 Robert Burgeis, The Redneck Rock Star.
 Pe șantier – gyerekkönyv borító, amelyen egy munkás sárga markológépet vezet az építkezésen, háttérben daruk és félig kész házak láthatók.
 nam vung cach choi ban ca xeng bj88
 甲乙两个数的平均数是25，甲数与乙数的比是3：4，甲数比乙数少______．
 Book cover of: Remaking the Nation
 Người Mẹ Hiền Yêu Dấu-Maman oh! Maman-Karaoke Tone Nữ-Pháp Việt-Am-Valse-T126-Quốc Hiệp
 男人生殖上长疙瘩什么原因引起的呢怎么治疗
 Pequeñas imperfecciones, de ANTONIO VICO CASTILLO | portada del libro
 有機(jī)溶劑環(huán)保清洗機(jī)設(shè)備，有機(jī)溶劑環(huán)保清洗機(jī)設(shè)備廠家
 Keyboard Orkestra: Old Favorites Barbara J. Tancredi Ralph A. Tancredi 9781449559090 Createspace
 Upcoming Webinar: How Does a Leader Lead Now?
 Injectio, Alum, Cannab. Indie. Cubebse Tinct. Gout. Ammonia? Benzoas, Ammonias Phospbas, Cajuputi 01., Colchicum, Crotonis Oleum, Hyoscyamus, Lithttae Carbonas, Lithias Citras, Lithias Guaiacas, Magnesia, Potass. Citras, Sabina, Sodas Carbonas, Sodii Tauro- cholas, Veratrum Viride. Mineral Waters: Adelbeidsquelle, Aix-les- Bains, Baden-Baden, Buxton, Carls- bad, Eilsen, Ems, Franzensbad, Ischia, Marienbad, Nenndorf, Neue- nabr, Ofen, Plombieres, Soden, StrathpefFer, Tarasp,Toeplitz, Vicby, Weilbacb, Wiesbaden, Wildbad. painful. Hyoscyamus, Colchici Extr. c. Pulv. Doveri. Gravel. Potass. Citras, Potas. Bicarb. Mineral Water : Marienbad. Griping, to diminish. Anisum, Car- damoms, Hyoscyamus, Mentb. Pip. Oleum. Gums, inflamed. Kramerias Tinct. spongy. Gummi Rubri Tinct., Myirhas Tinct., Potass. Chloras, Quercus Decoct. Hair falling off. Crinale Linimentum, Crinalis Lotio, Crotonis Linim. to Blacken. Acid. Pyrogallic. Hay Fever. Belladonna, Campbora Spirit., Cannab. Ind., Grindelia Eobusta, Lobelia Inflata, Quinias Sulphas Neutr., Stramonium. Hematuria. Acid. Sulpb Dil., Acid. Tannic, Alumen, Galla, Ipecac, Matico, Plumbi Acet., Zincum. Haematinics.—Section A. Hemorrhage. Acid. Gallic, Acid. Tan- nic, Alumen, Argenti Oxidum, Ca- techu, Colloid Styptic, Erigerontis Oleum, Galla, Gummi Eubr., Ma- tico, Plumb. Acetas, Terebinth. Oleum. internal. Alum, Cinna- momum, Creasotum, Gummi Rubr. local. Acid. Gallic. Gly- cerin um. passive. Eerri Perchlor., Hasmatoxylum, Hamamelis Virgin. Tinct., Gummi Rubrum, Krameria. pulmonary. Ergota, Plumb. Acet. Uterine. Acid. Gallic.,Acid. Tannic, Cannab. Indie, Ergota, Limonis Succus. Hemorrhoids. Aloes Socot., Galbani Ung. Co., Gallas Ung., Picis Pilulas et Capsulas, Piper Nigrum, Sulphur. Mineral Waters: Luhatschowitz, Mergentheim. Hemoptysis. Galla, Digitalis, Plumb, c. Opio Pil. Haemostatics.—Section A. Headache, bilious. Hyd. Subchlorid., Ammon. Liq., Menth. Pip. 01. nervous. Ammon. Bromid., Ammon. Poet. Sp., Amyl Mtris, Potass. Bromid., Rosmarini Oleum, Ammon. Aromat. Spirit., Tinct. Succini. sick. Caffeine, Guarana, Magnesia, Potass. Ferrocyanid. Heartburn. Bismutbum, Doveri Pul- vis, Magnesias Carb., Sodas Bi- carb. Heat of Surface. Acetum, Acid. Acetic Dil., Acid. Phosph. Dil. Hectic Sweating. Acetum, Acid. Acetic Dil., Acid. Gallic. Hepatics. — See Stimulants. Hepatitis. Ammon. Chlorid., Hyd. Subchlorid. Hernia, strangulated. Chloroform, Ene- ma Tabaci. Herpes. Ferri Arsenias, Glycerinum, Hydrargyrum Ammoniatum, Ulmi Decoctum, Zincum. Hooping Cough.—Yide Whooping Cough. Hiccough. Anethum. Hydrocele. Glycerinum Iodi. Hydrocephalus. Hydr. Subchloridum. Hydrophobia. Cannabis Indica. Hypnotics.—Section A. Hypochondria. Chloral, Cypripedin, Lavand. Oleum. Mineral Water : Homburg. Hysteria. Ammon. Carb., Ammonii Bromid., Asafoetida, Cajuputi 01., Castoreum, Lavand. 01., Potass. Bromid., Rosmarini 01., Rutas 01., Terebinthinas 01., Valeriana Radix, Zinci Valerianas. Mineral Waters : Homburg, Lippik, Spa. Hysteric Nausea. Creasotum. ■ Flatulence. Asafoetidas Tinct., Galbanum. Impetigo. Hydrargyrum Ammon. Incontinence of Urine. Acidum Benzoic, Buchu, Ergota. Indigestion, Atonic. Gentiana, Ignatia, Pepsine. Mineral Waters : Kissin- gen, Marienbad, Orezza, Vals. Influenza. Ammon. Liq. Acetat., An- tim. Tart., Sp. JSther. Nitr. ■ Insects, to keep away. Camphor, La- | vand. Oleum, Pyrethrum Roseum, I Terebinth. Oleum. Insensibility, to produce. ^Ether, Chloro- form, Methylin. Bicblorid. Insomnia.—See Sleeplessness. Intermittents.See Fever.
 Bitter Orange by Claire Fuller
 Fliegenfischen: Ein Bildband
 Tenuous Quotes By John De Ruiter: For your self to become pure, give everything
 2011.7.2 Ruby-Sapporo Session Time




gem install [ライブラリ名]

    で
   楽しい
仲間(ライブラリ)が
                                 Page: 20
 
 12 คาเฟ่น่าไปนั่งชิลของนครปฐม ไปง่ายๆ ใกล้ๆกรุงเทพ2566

Description of the task.
Could you reproduce exactly the lines of the entries above, from the one with "Book cover of: Remaking the Nation" through the one with "Upcoming Webinar: How", and nothing else?

Solution below.
 Book cover of: Remaking the Nation
 Người Mẹ Hiền Yêu Dấu-Maman oh! Maman-Karaoke Tone Nữ-Pháp Việt-Am-Valse-T126-Quốc Hiệp
 男人生殖上长疙瘩什么原因引起的呢怎么治疗
 Pequeñas imperfecciones, de ANTONIO VICO CASTILLO | portada del libro
 有機(jī)溶劑環(huán)保清洗機(jī)設(shè)備，有機(jī)溶劑環(huán)保清洗機(jī)設(shè)備廠家
 Keyboard Orkestra: Old Favorites Barbara J. Tancredi Ralph A. Tancredi 9781449559090 Createspace
 Upcoming Webinar: How Does a Leader Lead Now?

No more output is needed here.